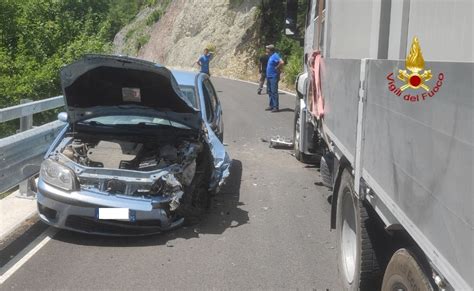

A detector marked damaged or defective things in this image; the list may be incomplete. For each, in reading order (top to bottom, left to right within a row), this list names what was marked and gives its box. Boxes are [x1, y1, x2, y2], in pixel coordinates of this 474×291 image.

damaged silver car [36, 54, 231, 236]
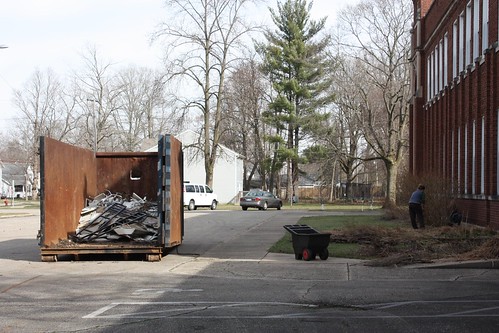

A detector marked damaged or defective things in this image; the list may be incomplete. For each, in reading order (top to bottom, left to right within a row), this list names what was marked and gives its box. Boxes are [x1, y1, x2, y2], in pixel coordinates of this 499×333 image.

rusted steel wall [40, 136, 97, 246]
rusty metal dumpster [38, 134, 184, 260]
rusted steel wall [96, 152, 159, 200]
rusty metal dumpster [284, 224, 330, 260]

-----

### What needs to be done
From the first line to the last, retype the data exactly, but omit every image.

### Your solution
A detector marked damaged or defective things in this image; the list may be incomplete. For each, in reading order (top to bottom, left to right within a row), this list names what was marked and gives its box. Boxes are [x1, y1, x2, y2], in pixel coordinates of this 474×291 image.

damaged silver car [36, 54, 231, 236]

A detector marked damaged or defective things in this image; the list may be incomplete. For each, in reading order (top to bottom, left to right within a row), this list names what was marked and gives its box. Boxes are [x1, y1, x2, y2], in pixel coordinates of this 499×333 image.

rusted steel wall [40, 136, 97, 246]
rusty metal dumpster [38, 134, 184, 260]
rusted steel wall [96, 152, 159, 200]
rusty metal dumpster [284, 224, 330, 260]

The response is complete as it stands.